The Dream Life of Balso Snell
- 1931 first edition cover
- Author: Nathanael West
- Language: English
- Genre: Novel
- Publisher: Contact Editions
- Publication date: 1931
- Publication place: United States
- Media type: Print (Paperback)
- Pages: 95 pp

= The Dream Life of Balso Snell =

1931 novel by Nathanael West

The Dream Life of Balso Snell is a 1931 novel by American author Nathanael West. West's first novel, it presents a young man's immature and cynical search for meaning in a series of dreamlike encounters inside the entrails of the Trojan Horse.

==Plot summary==
Balso, the protagonist, comes across the Trojan Horse in the tall grass around Troy and promptly seeks a way to get in: “the mouth was beyond his reach, the navel provided a cul-de-sac, and so, forgetting his dignity, he approached the last. O Anus Mirabilis!” The literary critic Leslie Fiedler reads much into this and sees the whole novel as "a fractured and dissolving parable of the very process by which the emancipated Jew enters into the world of Western Culture." Inside the Trojan Horse, Balso encounters an array of odd characters who, he realizes, are all "writers in search of an audience". These characters also represent various religious and artistic ideals. Balso hears their stories systematically, only to discard them one by one, in a strictly nihilist fashion.

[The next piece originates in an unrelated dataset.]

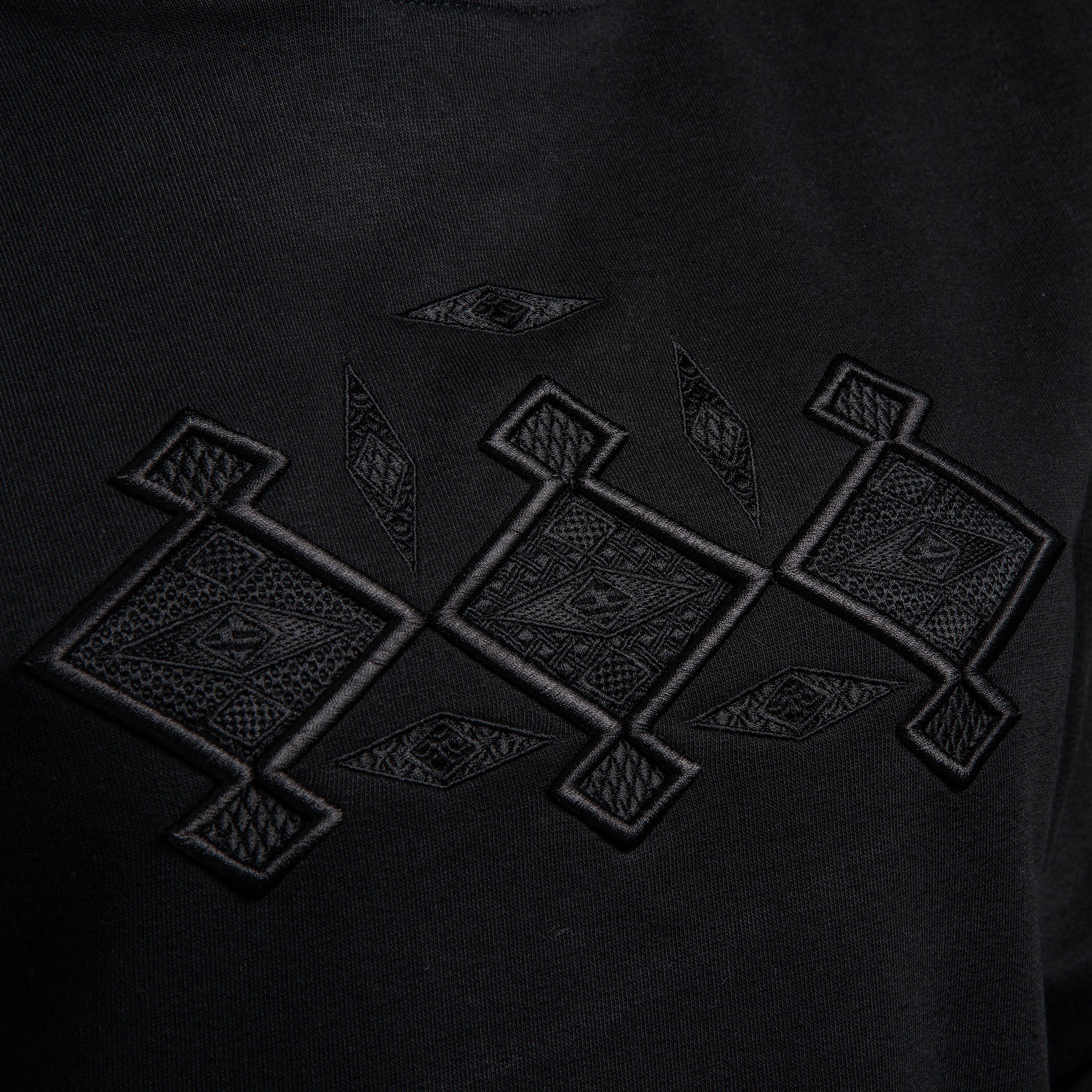 Дълга блуза с качулка "Канатица" 3D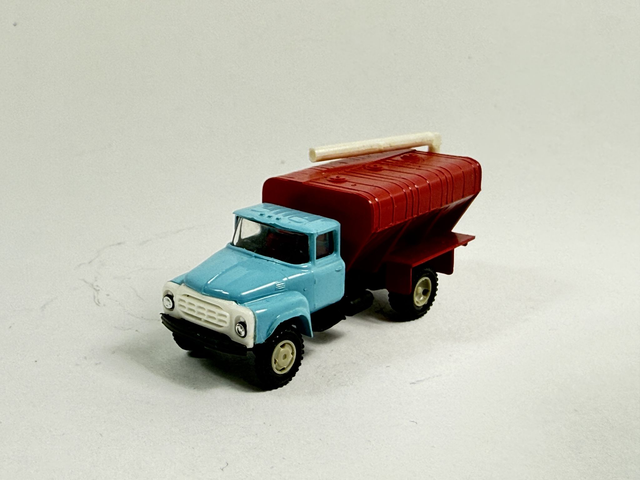 ZIL-130 Silo-LKW 1:120 TT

==Literary significance and criticism==
The novel's lack of a coherent plot structure, along with its juvenile humor and abundant scatological details, are all intended to aggravate, perplex and annoy readers. The desired result, according to West, is a book that is “a protest against writing books”. The juvenility and incoherence of the novel have prompted critics to disregard it as “a sneer in the bathroom mirror at Art” (Alan Ross), “squalid and dreadful” (Harold Bloom) and “a hysterical, obscure, disgusted shriek against the intellect” (James F. Light). Nonetheless, by its complete and disgusted rejection of all religious, political and artistic ideals The Dream Life of Balso Snell foreshadows the nihilism of West’s subsequent novels.

==Publication history==
West began developing material for The Dream Life of Balso Snell as early as 1924; he worked on the novel during his stay in Paris in 1926 and finished a complete draft in New York City between 1927 and 1929, under the title The Journal of Balso Snell. The manuscript was rejected twice before finally getting accepted, largely due to a favorable appraisal by William Carlos Williams. The book was published in New York City by the Paris-based Contact Editions in August 1931 in an edition of 500 copies. There were no other printings during West’s lifetime. After West became famous (years after his death) for Miss Lonelyhearts and The Day of the Locust, Balso Snell was reprinted in a single volume edition of his complete novels, as well as in the Library of America edition of West's collected works.